From the data below, copy exactly the lines that lie between the one holding "外币卡可以在国内刷吗(所有方案都在这里)" and the one holding "Hyundai i20 IB", including both, and nothing more.

-- Excerpted data follows --

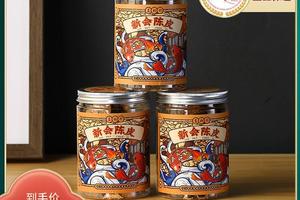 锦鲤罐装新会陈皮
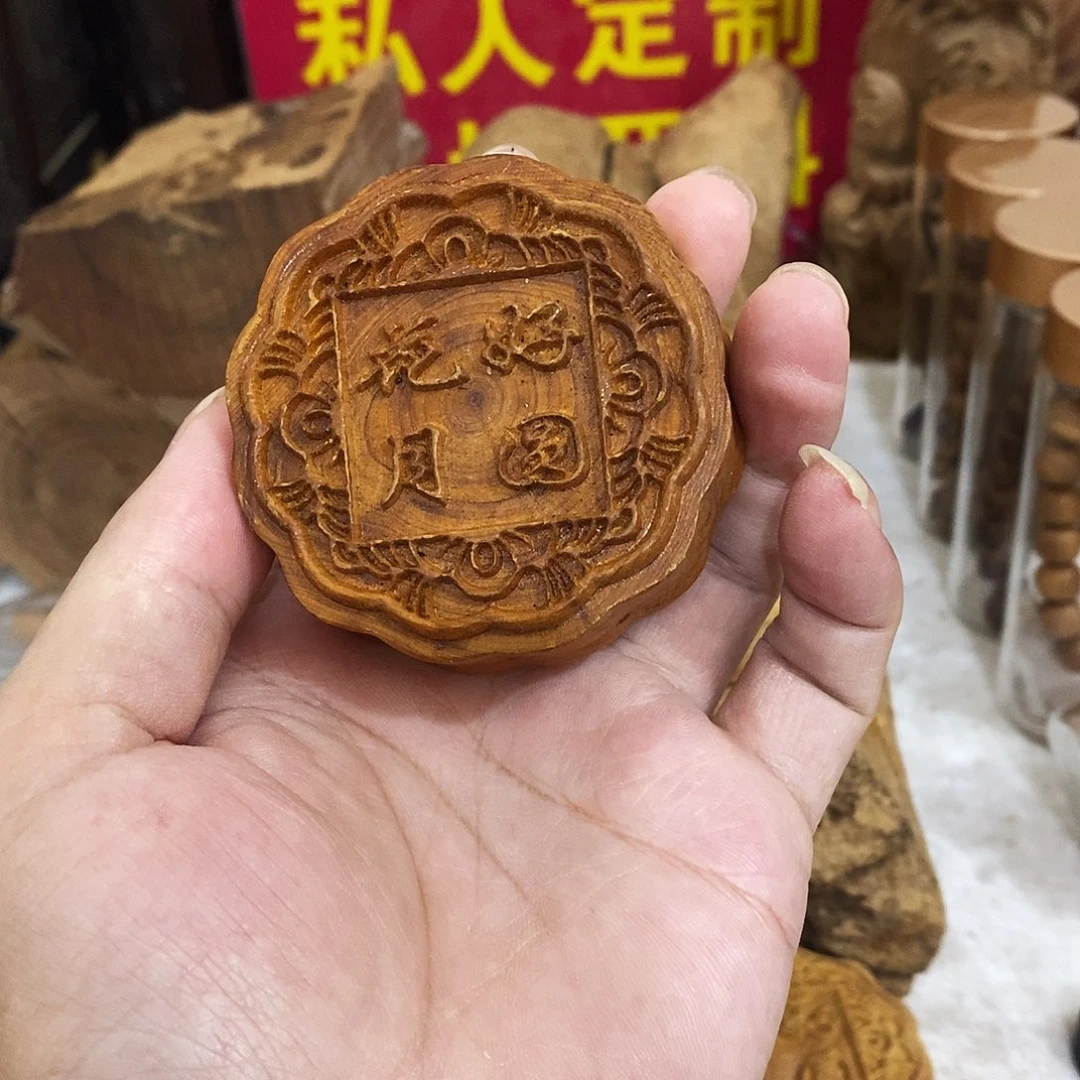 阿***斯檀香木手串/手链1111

-- Excerpted data concluded --
-- Excerpted data follows --

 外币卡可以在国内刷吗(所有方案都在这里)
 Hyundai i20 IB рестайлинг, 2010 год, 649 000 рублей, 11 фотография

-- Excerpted data concluded --

Solution for this exercise -
 外币卡可以在国内刷吗(所有方案都在这里)
 Hyundai i20 IB рестайлинг, 2010 год, 649 000 рублей, 11 фотография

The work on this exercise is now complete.